O estudo, ainda em andamento, foi debatido durante o seminário “Movimentos sociais, participação e esfera pública”, promovido pela Secretaria-Geral da Presidência da República (SG-PR), em Brasília (DF). Ele será concluído e apresentado em novembro deste ano.
Foram definidos como espaços de coleta de dados iniciais da pesquisa os conselhos nacionais cujos temas se relacionam com os de atuação dos movimentos analisados.
Essas primeiras informações foram apresentadas e discutidas com pesquisadores, gestores públicos federais e representantes dos movimentos sociais.
Dentro da metodologia desenvolvida, esse momento de apresentação preliminar também se configurou como coleta de novos dados. “O estágio em que se encontra a pesquisa é o de testar as observações e hipóteses parciais e o de aproveitar o comentário e testemunhos dos representantes e gestores presentes neste seminário”, esclarece o professor Sérgio leite, coordenador da pesquisa.

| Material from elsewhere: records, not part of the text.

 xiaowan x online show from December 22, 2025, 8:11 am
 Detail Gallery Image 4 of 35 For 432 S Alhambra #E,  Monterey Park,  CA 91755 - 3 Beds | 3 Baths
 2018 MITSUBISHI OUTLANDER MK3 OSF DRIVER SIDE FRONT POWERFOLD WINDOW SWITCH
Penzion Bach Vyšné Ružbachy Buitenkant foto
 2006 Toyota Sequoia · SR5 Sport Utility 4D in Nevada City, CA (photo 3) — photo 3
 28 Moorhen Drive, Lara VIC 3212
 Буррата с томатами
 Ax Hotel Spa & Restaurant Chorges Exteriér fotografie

O passo seguinte será de entrevistas com os movimentos sociais, inclusive os que não têm assentos nos conselhos.
Para o secretario nacional de Articulação Social da SG-PR, Paulo Maldos, que coordenou a mesa de abertura do seminário, “é inquestionável a importância dos movimentos sociais para a consolidação da democracia no País e para a construção de um novo patamar de participação social”.

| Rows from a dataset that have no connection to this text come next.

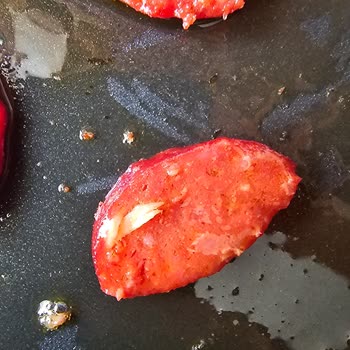 Hakmar Gıda Çapanoğlu Sucukta Kıkırdak Çıktı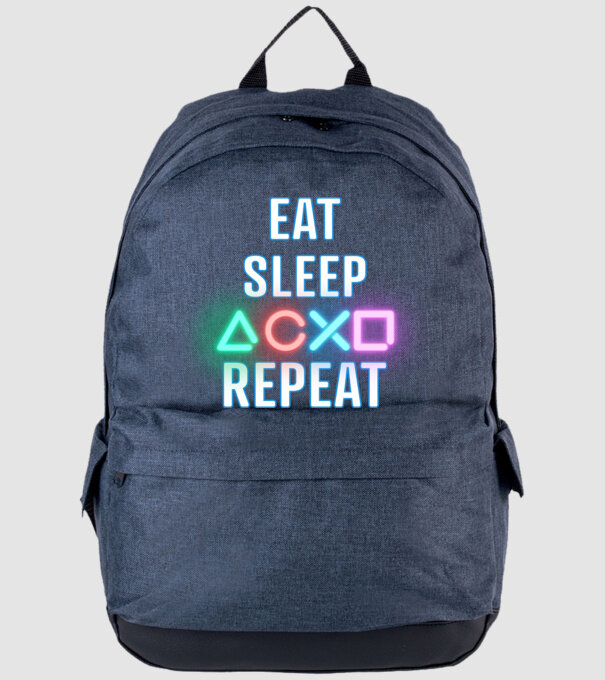 Eat sleep PS model albastru jeanși pe tricou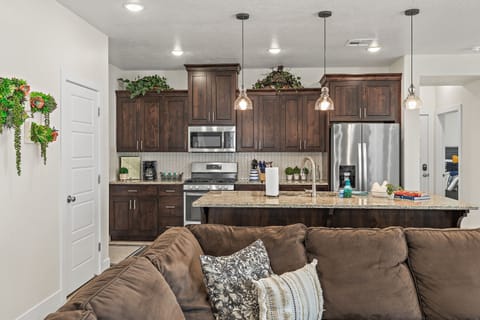 House, 5 Bedrooms | Interior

Segundo Maldos, esse novo tipo de participação social, que se reflete, por exemplo, nas inúmeras conferências temáticas realizadas ao longo dessa década, passou a exigir mais capacitação do governo para compreender, respeitar e acolher as demandas que vêm da sociedade.
“É uma nova configuração em termos de relações politicas governo e sociedade. Agora, estamos em um momento de sedimentarmos essas propostas todas apresentadas pela sociedade, pelos movimentos sociais, e essa pesquisa se insere nesse quadro”, explica o secretário.

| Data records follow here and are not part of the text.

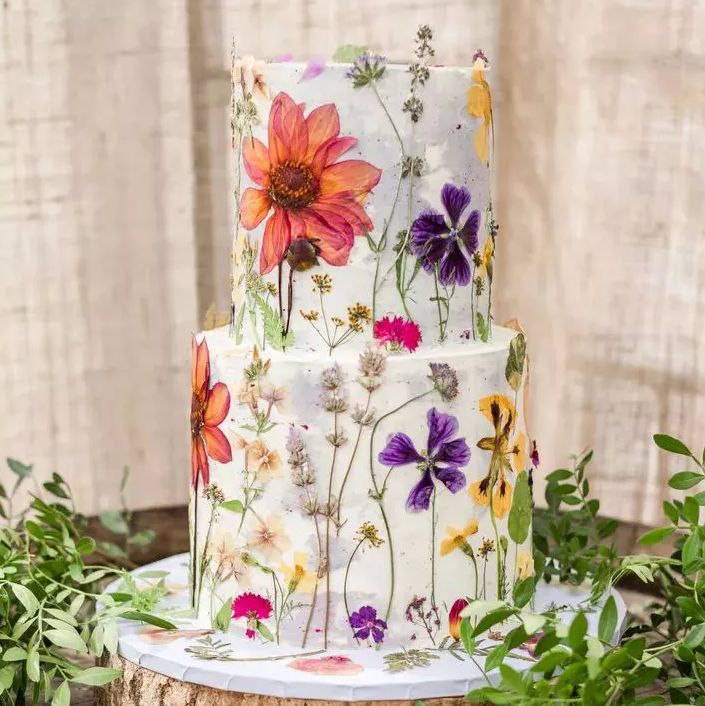 Svatební dort s lisovanými květy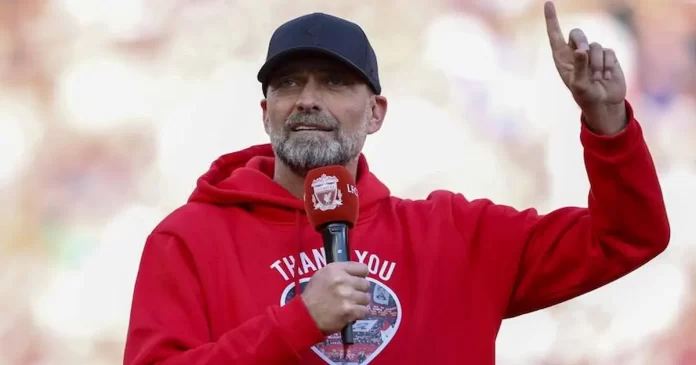 Ex-entrenador-del-Liverpool-comparte-su-fe-en-Jesus-Mi-madre-oraba-todas-las-noches.webp.webp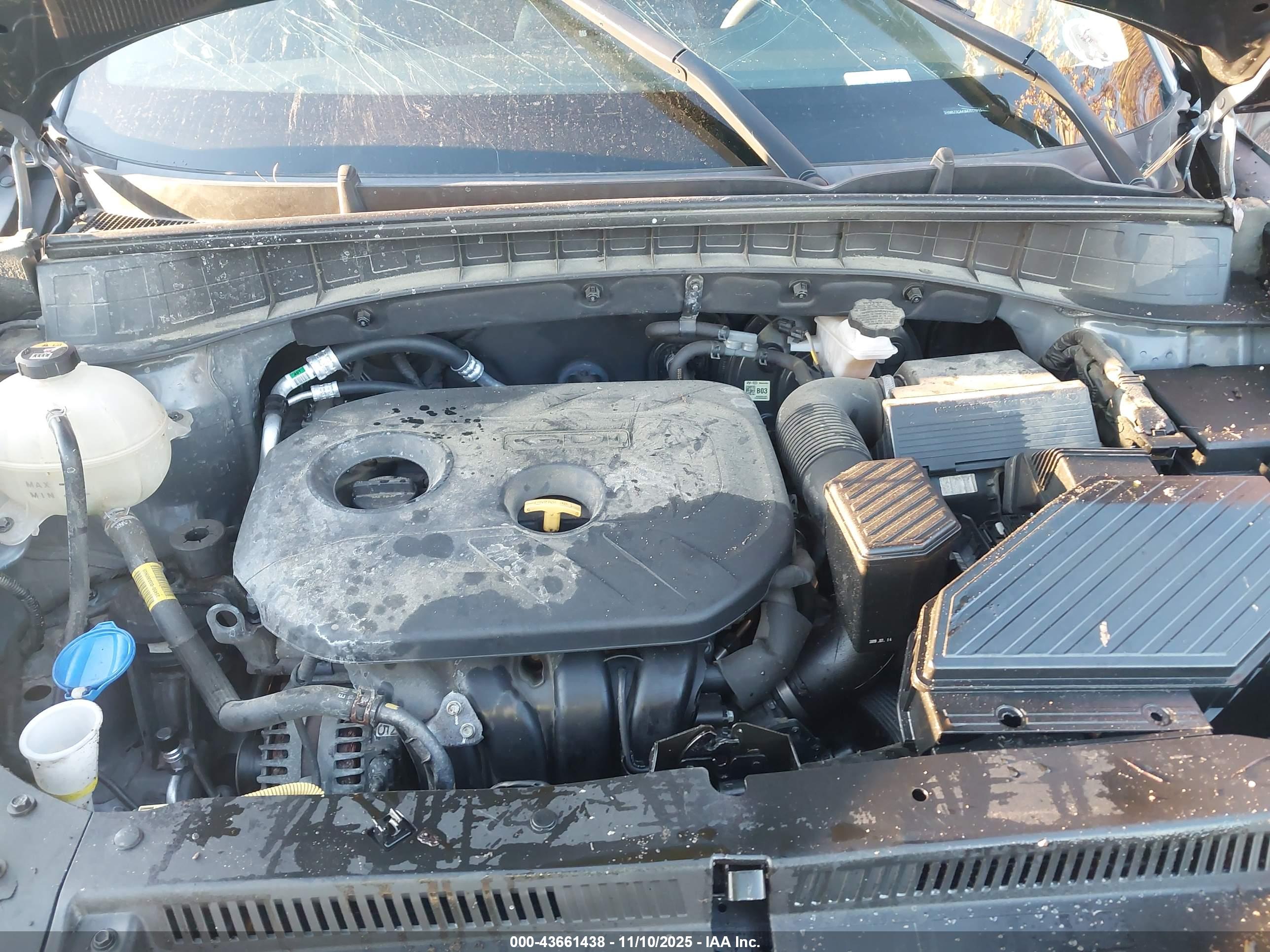 HYUNDAI TUCSON image 10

O professor Paul Singer, secretário nacional de Economia Solidária, lembra que os movimentos sociais no Brasil têm tido altos e baixos em função da conjuntura política.
“Foram oprimidos, na época da ditadura, a exemplo das perseguições dos militares às Ligas Camponesas. Ressurgem na década de 1980 com o processo de redemocratização do País. Passam a ser mais ou menos tolerados nos governos de 1995 a 2002, mas sem qualquer participação significativa na esfera púbica”, afirma Singer.
Para o economista, esse panorama só se altera em 2002, com a eleição de um governo de esquerda. Paul Singer recorda que, desde 1932, quando Getúlio Vargas cria o Ministério do Trabalho, “que se tornou o porto de acolhida do movimento sindical no governo federal”, passaram–se 70 anos até que “os movimentos conseguissem que um governo abrisse as portas dos palácios para ouvir suas reclamações e aspirações”.
Apesar de haver um reconhecido e significativo avanço na permeabilidade do governo às demandas sociais, a vice-presidente da Central Única dos Trabalhadores (CUT-Nacional), Carmem Foro, apontou a necessidade de ampliar a participação da sociedade para temas que vão além dos ditos “sociais”.
“Queremos interferir nas macropolíticas do País, na política externa, econômica, discutir as políticas do Banco Central. Temos absoluta consciência que projetos de infraestrutura são fundamentais para o desenvolvimento do País, mas ninguém se preocupa para onde vão os índios, os trabalhados rurais que são afetados pelas obras do Programa de Aceleração do Crescimento (PAC), por exemplo. Precisamos aperfeiçoar essa questão”, propõe Foro.
Em novembro deste ano será apresentada a conclusão da pesquisa. Este estudo, associado a uma série de outras atividades e produtos, visa qualificar a relação estado e sociedade.
Outros dois exemplos dos encaminhamentos adotados pela Secretaria-Geral nesse sentido é o desenvolvimento de uma metodologia de monitoramento das pautas dos movimentos sociais, em fase de construção; o portal Participa.br, já no ar na versão beta; bem como a Política e o Sistema Nacional de Participação Social, a serem lançados pelo governo federal.